++++ Data in this exercise ++++

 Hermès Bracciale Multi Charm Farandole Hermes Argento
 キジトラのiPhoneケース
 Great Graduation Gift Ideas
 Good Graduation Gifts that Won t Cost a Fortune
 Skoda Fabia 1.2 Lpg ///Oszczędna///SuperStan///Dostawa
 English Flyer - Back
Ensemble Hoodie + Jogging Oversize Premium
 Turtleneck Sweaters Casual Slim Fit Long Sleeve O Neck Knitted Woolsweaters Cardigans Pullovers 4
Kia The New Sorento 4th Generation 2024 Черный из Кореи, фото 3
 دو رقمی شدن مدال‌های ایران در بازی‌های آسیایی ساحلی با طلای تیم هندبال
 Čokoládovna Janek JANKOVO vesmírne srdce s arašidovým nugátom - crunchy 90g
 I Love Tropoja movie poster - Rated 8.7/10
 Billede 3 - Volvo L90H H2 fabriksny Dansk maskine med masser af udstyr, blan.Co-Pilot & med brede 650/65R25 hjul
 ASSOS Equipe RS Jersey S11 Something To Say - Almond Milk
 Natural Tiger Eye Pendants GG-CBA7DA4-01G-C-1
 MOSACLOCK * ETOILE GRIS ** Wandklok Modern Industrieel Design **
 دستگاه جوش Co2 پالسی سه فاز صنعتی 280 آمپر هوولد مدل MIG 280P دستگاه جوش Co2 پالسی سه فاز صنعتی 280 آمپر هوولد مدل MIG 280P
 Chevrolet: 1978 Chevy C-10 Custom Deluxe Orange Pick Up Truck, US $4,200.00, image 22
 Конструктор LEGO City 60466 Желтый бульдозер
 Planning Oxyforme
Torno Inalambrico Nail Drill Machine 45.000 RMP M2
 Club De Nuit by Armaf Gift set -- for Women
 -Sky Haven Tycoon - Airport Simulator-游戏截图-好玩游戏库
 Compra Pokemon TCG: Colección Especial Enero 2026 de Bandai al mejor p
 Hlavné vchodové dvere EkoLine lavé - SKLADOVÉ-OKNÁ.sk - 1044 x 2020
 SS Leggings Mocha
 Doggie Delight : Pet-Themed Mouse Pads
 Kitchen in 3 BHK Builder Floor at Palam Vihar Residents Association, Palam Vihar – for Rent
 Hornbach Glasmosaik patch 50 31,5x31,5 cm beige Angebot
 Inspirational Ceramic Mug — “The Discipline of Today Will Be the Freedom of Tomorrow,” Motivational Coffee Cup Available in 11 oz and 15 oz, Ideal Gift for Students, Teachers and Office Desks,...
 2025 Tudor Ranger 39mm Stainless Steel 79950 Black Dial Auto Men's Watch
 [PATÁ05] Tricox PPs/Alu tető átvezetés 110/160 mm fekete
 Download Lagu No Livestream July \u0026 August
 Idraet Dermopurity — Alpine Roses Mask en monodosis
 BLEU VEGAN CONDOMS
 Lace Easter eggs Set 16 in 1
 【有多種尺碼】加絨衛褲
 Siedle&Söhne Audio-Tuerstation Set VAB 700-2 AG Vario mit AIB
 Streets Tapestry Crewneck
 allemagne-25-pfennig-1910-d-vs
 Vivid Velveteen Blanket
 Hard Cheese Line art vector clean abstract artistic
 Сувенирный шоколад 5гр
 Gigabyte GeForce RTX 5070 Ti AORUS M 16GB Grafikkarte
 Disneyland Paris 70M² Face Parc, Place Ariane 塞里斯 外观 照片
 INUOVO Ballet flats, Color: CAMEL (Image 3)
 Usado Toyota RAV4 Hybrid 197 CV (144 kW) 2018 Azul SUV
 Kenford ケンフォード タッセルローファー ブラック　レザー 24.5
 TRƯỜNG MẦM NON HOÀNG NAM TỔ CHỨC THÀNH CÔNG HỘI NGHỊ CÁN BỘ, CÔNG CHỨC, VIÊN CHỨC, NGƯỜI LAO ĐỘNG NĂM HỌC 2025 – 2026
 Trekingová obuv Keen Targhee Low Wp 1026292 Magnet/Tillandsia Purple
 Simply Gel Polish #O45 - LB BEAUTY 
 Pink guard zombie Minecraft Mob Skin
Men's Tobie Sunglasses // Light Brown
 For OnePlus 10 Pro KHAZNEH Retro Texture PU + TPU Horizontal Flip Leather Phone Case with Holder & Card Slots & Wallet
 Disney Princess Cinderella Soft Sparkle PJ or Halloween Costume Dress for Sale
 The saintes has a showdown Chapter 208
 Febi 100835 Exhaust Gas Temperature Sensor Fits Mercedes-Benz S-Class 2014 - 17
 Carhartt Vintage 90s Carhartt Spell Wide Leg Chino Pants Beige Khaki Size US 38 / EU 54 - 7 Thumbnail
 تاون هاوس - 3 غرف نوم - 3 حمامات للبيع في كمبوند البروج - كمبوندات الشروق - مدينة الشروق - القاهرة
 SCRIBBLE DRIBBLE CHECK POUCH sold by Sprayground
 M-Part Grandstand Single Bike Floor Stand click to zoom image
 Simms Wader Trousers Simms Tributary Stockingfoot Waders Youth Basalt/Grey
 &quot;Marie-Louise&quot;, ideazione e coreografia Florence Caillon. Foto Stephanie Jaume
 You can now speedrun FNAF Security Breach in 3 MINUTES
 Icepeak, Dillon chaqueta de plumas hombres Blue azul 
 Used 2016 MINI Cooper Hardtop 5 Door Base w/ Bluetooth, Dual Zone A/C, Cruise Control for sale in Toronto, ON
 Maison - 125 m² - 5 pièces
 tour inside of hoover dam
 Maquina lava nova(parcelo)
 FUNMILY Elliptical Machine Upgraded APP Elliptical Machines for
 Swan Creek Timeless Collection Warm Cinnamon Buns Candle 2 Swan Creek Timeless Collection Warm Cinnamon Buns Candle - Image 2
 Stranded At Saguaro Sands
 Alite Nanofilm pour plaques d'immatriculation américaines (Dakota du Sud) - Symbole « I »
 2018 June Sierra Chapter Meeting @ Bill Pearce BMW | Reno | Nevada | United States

++++

> _Activity_
Look above for the line containing "دو رقمی شدن". Output from there through the line containing "MOSACLOCK * ETOILE", exactly and inclusively.

> _Expected answer_
 دو رقمی شدن مدال‌های ایران در بازی‌های آسیایی ساحلی با طلای تیم هندبال
 Čokoládovna Janek JANKOVO vesmírne srdce s arašidovým nugátom - crunchy 90g
 I Love Tropoja movie poster - Rated 8.7/10
 Billede 3 - Volvo L90H H2 fabriksny Dansk maskine med masser af udstyr, blan.Co-Pilot & med brede 650/65R25 hjul
 ASSOS Equipe RS Jersey S11 Something To Say - Almond Milk
 Natural Tiger Eye Pendants GG-CBA7DA4-01G-C-1
 MOSACLOCK * ETOILE GRIS ** Wandklok Modern Industrieel Design **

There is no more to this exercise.